- DVD cover
- Directed by: Vin Diesel
- Written by: Vin Diesel
- Produced by: Vin Diesel
- Starring: Vin Diesel
- Cinematography: Ted Sappington
- Music by: Vin Diesel
- Release dates: July 1995; August 17, 1999 (DVD);
- Running time: 21 minutes
- Country: United States
- Language: English
- Budget: $3,000

= Multi-Facial =

1995 American short film by Vin Diesel

Multi-Facial is a 1995 American short drama film written, directed, produced, and scored by Vin Diesel, who also stars as a multiracial actor facing various professional and emotional issues. The film is notable for essentially launching Diesel's career as it was noticed by Steven Spielberg, who then watched Diesel's film Strays, which prompted him to give Diesel his first big break by writing a small role specifically for him in Saving Private Ryan (1998).

==Plot==
Mike, a struggling actor with a tattooed arm, auditions for an Italian-American role. He delivers an explicit anecdote in a New York Italian accent about getting into a fight with another man in a restaurant for looking at his girlfriend, discovering the man was gay and thus directing his rage at his own girlfriend, beating her up, and feeling surprised that she doesn't call him anymore. The casting director expresses interest and has Mike speak Italian before telling him they'll get back to him. When the director asks Mike where the monologue came from, he says it is a true story that happened to a friend. Mike later calls his manager and complains about the monologue, which was not a true story, saying it was offensive and worrying that it will keep him from getting the role. He wipes the fake tattoo off his arm and goes to his next audition.

Mike meets a black actor in the waiting room of an audition for a commercial, and tells him about the audition he just left, again complaining that he thought his monologue was offensive. The actor tells Mike he has just landed a role in an international commercial, but Mike says he refuses to do commercials because no great actors ever did them. Before he can audition, the director tells Mike that his skin is "a little too light" and not to bother auditioning. He suggests Mike audition for a Spanish role in a soap opera instead.

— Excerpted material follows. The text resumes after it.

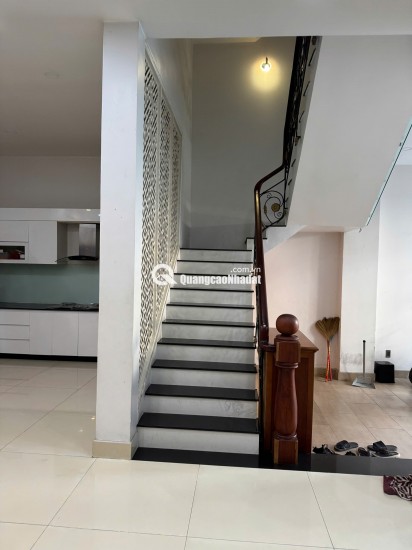 Cho thuê căn biệt thự đường 23, Hiệp Bình Chánh, nhà xây 1 trệt 2 lầu, sân thượng. DT 8x15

Mike goes to another audition and reads with a Cuban accent alongside a Hispanic actress. The two of them are portraying an argument, but when the actress launches into Spanish, Mike is unable to continue. As they leave the audition, the actress calls out Mike for pretending to speak Spanish but still suggests that he try out for a soap opera which is looking for Hispanic actors; Mike says he refuses to do soap operas because no great actors ever did them. He attends another audition, where his scene partner tells him that she really thinks he could do well. Mike does the reading with her in a heavy urban accent, but the casting directors cut the audition short because they are looking for more of a "Wesley type".

Mike moves on to another audition, where they are expecting him from a previous audition. The casting director sees on Mike's résumé that he can rap, prompting Mike to launch into a hip-hop routine. He then sits down and delivers a monologue about being a young man watching his father on stage in a performance of Raisin in the Sun. During his father's performance, he came to believe that his father wanted him to be a great black actor; after his father died, he realized that his father wanted him to be a great actor regardless of his skin color. The casting director is impressed, but admits that they are supposed to be casting an actor with dreadlocks, and Mike leaves with a promise that they will contact him if they are able to cast him instead.

Later, Mike sits in silent anger at a diner. He overhears an actress talking to another man about how frustrated she is to be typecast as a blonde bimbo. When the waitress comes, the actress orders coffee that's "not too light, not too dark". Mike chuckles to himself and mouths the words "not too light, not too dark".

==Production==
Multi-Facial was written, directed, produced, and scored by Vin Diesel. The film is semi-autobiographical, drawing on Diesel's own frustration trying to find work as an actor of mixed ethnicity. In the early 1990s, Diesel returned from Los Angeles to New York, frustrated with his failures in Hollywood. His mother gave him a copy of Feature Films at Used Car Prices, a book about producing low-budget films, which he later called "truly empowering" and said that it motivated him to make his own movies.

Diesel wrote a script for a feature film called Strays, but was unable to secure financing for it due to being unknown. He decided to produce a short film instead and wrote the script for Multi-Facial in one night. He shot it over the course of three days for $3,000. He also scored the film, but became disillusioned by the response to it and stopped working on it during the editing stage. With encouragement from his stepfather, he finished the final edit and screened it at the Anthology Film Archives in Manhattan. He received a strong response, and the film was accepted for the 1995 Cannes Film Festival, where it was screened to standing-room only crowds.

==Impact on Diesel's career==
At age 27, Diesel "would drive around [Los Angeles] with VHS copies of [the film] in the trunk just in case [he] bumped into someone who could help [him] with [his] dreams". Upon seeing Morgan Freeman outside a Four Seasons hotel, he approached Freeman and handed him a copy of the film. In 1997, Steven Spielberg saw Strays (having already been impressed with Diesel's performance in Multi-Facial) and wrote a role into Saving Private Ryan specifically for Diesel as a result, giving him his first major film role.